►

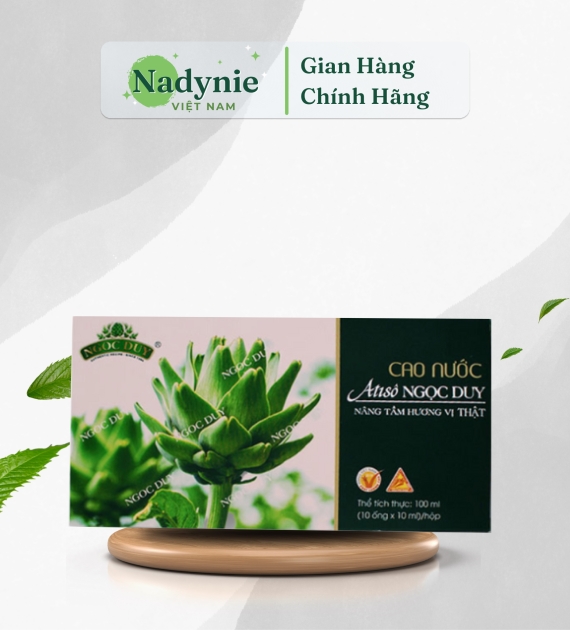 CAO NƯỚC ATISÔ CÓ ĐƯỜNG 10 ỐNG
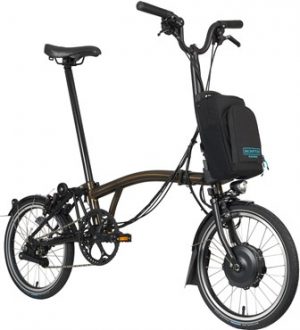 Brompton Electric C Line Explore - High Handlebar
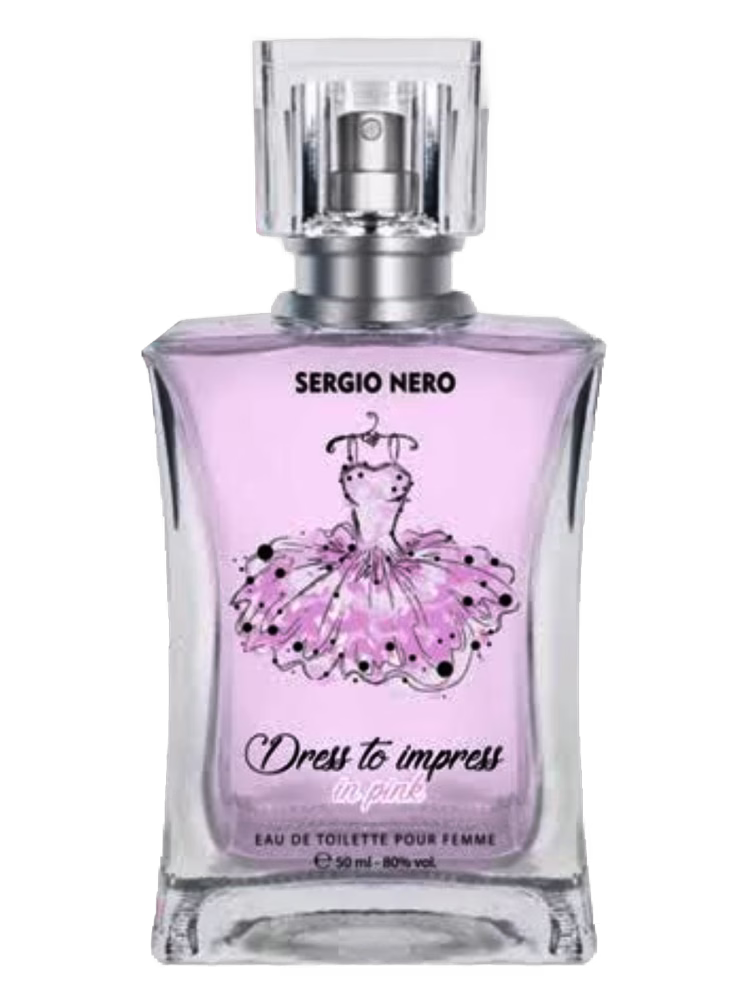 Sergio Nero Dress To Impress In Pink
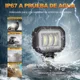 thumbnail image 5 of Par Barras De Led 3'' Redondas Ojos Ángel Universal 4x4 Moto, 5 of 7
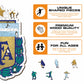 Argentina® Logo - Wooden Puzzle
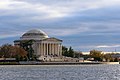 Image 23The Jefferson Memorial in Washington, D.C., reflects the president's admiration for classical Roman aesthetics (from Culture of Italy)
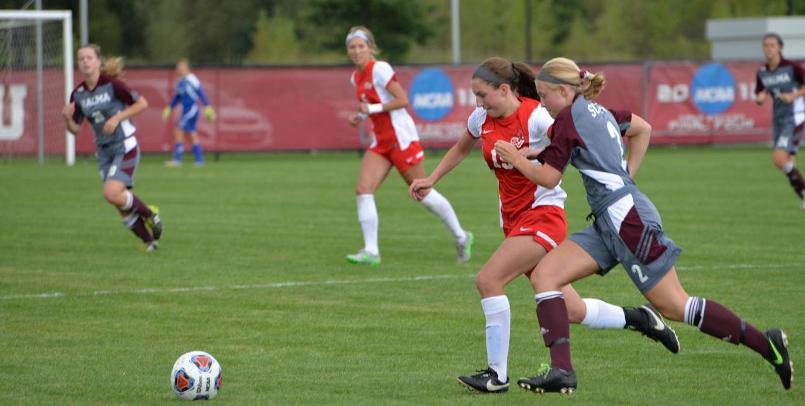 Women's Soccer Gameday - Lewis & Wisconsin-Parkside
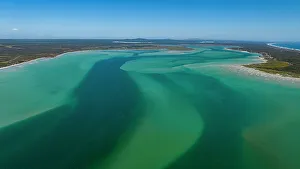 Langebaan Lagoon Marine Protected Area Prints: Aerial of the Langebaan Lagoon Marine Protected Area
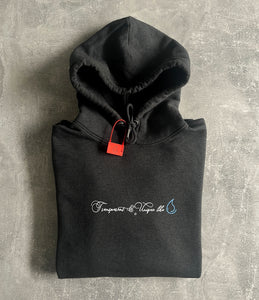 Transparencia. Tagline Premium hoodie.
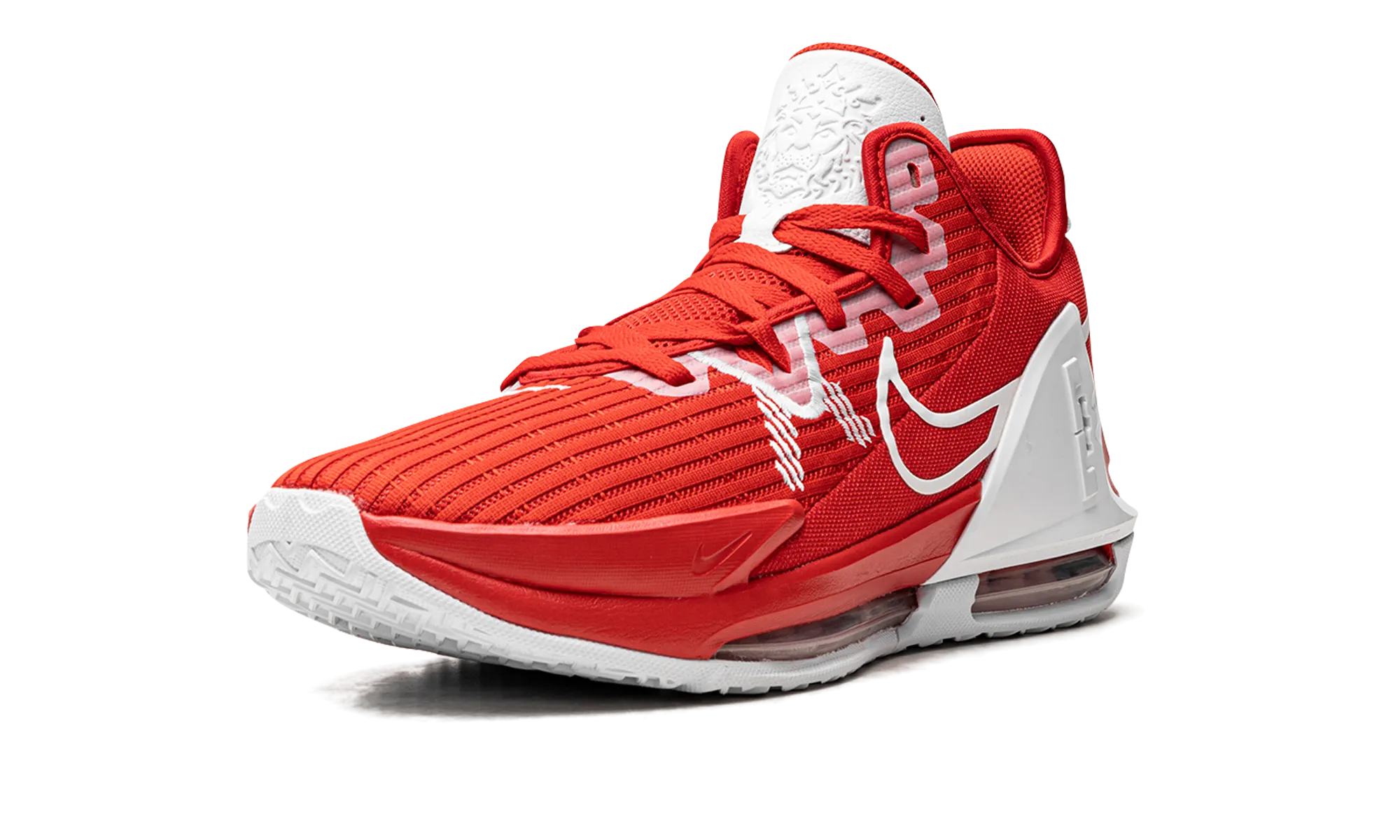 LeBron Witness VI TB "University Red" for short - distance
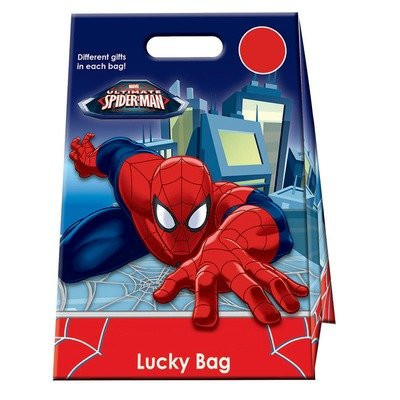 Set jucarii surpriza Spiderman 40x29x6 cm multicolor foto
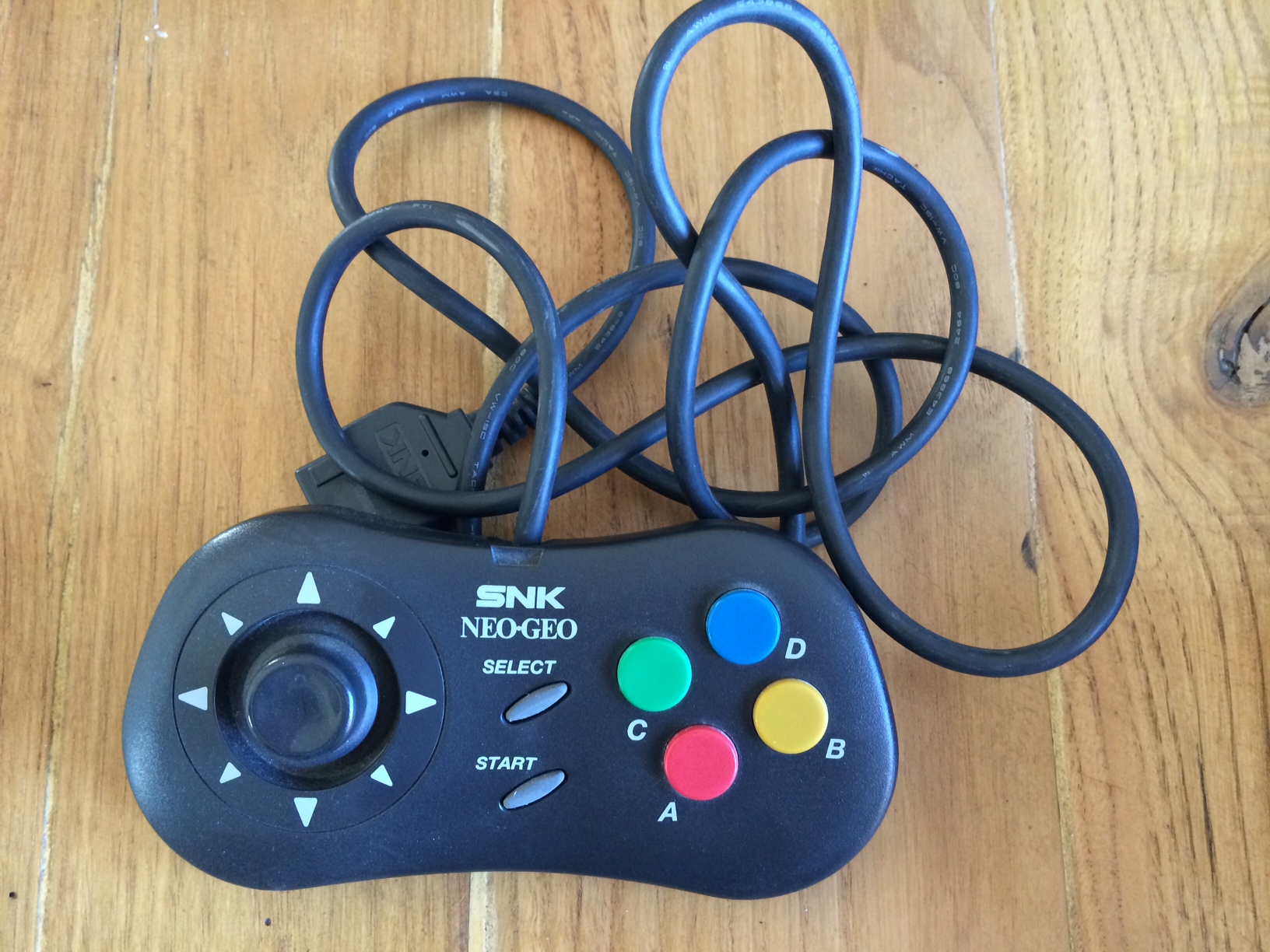  [VDS] slot mvs consolisé, mvs avec shockbox et insert, manette neogeo 329163photo111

◄

*Exercise*:
Copy the entries above exactly from the line with "Women's Soccer Gameday" down to their last line, both ends included. Do not copy any pictures.

*Answer section*:
 Women's Soccer Gameday - Lewis & Wisconsin-Parkside
 Langebaan Lagoon Marine Protected Area Prints: Aerial of the Langebaan Lagoon Marine Protected Area
 Transparencia. Tagline Premium hoodie.
 LeBron Witness VI TB "University Red" for short - distance
 Set jucarii surpriza Spiderman 40x29x6 cm multicolor foto
  [VDS] slot mvs consolisé, mvs avec shockbox et insert, manette neogeo 329163photo111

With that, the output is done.